STOCKHOLM, Oct 26 (Reuters) - Elevator maker Kone said on Thursday its order bookings in China were growing again, though it still faced price pressures in the world’s biggest elevator market.
Soft demand and price pressure in China have weighed on Kone, the world’s biggest elevator maker after Otis, in recent quarters after Beijing introduced measures to cool a property boom.
The company reported its first year-on-year fall in earnings in 12 years in the first quarter, but said on Thursday that orders in China returned to growth in the third quarter and it expected the Chinese market for new equipment to be relatively stable for the full year, in terms of numbers of units ordered.

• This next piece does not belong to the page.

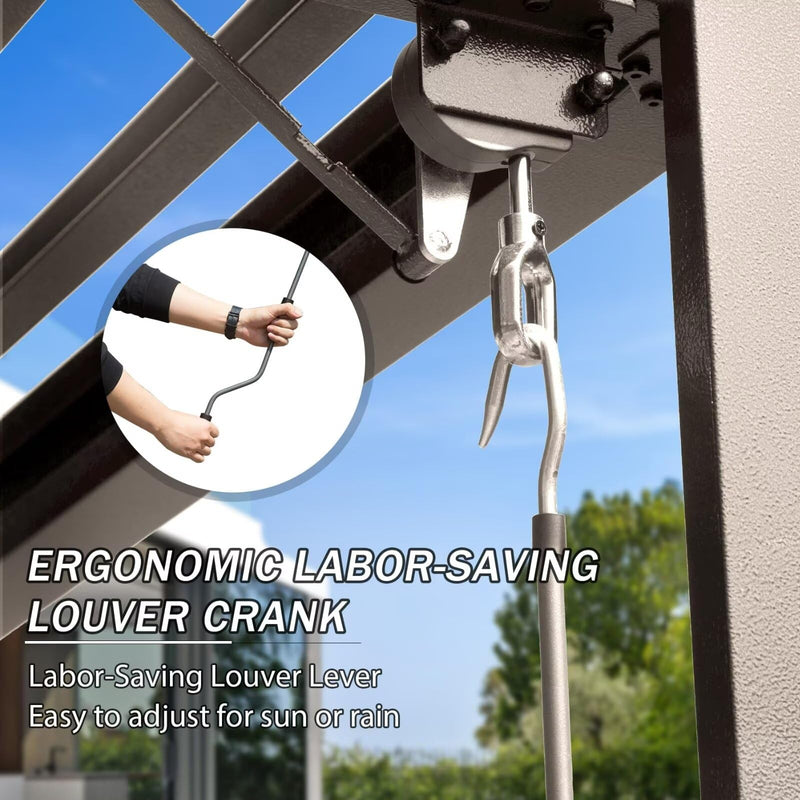 Domi Outdoor Louvered Pergola 10x20FT with Adjustable Steel Roof, Outdoor Aluminum Frame Rainproof Pergola for Backyard, Garden and Lawn,Brown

“However, we continue to see risk that the government restrictions in the Chinese residential market will have a negative impact on new equipment demand still during the final months of 2017 and the early part of 2018,” the Finnish company said in a statement.

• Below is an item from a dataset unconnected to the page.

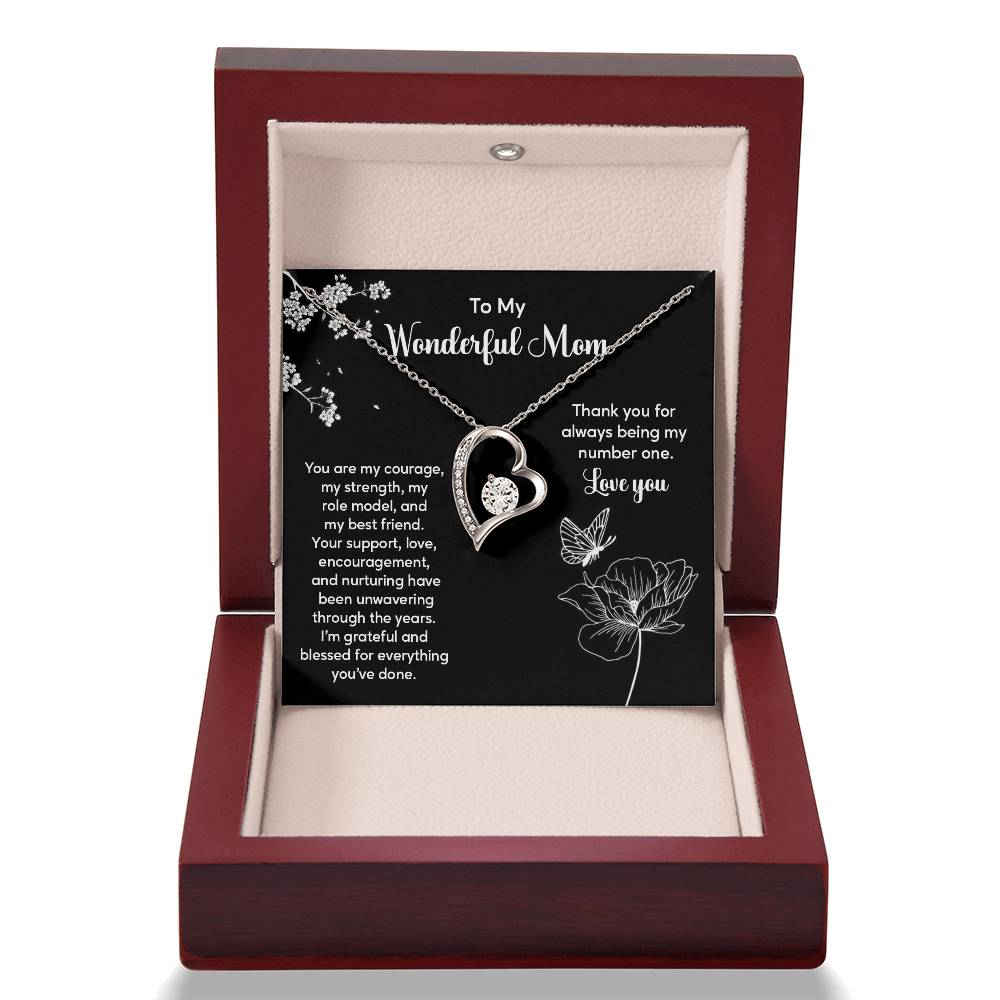 To My Wonderful Mom Elegant Jewelry Thoughtful Necklace For Family Love Sweet Gift For A Best Friend Heartfelt Necklace For Support And Care Sentimental Jewelry Thank You Pendant Beautiful Necklace Loving Gift For A Best Friend Loving Jewelry For Support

It did not give details of its order growth in China.
It said its total operating profit fell to 307 million euros ($363 million) in the third quarter from 331 million a year ago, narrowly missing the 309 million forecast by a Reuters poll of analysts.

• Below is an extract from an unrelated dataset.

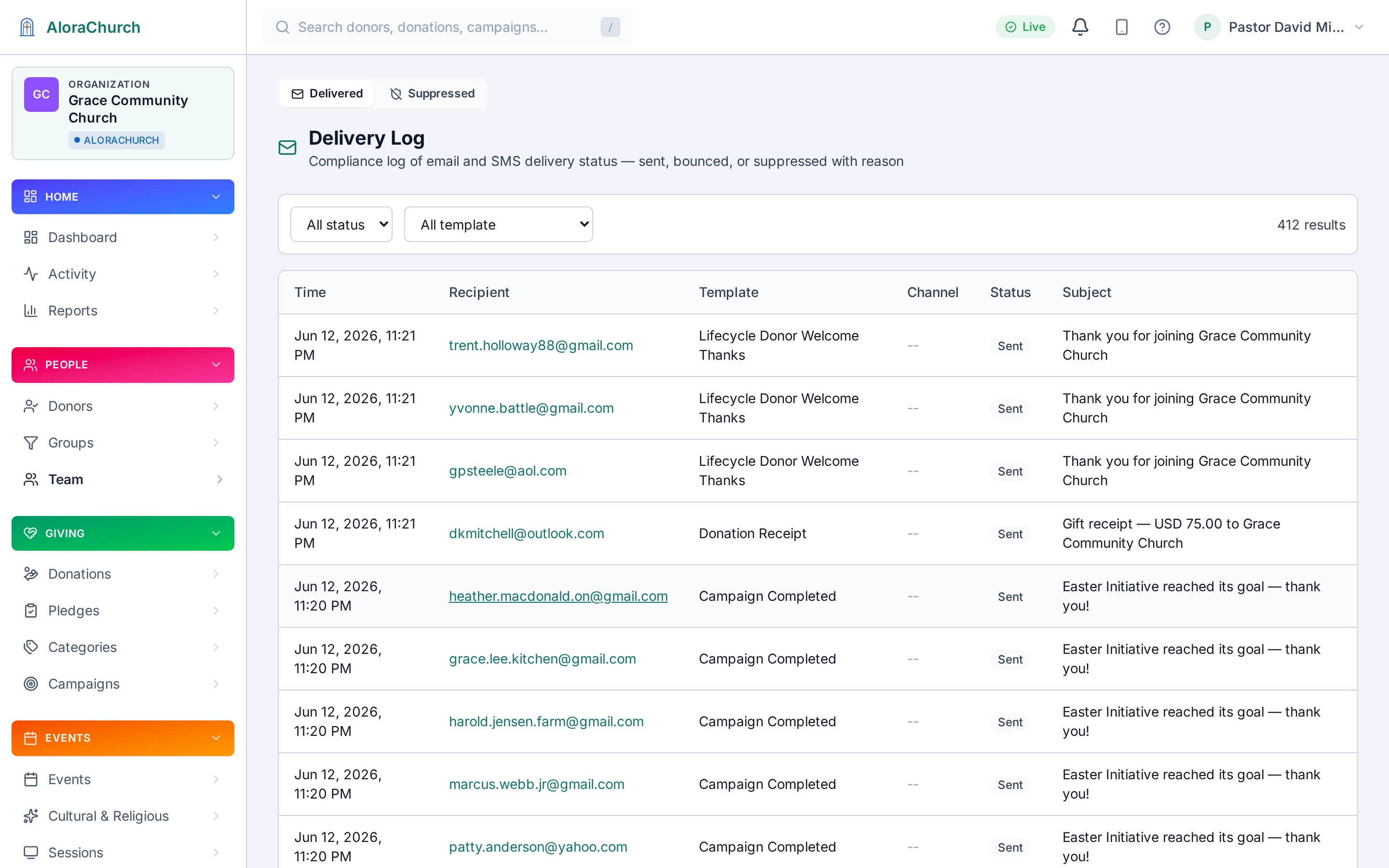 Email delivery log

“Higher raw material prices, price pressure witnessed in our Chinese new equipment business and increased R&D and IT spend continued to burden our operating income in the third quarter,” the company said.
Kone maintained its forecast for full-year adjusted EBIT to be in a range of 1.2 billion-1.25 billion euros, and net sales to grow by 1-3 percent.
Order bookings at Kone totalled 1.74 billion euros in the quarter versus analysts’ expectations for 1.77 billion euros, unchanged on the year.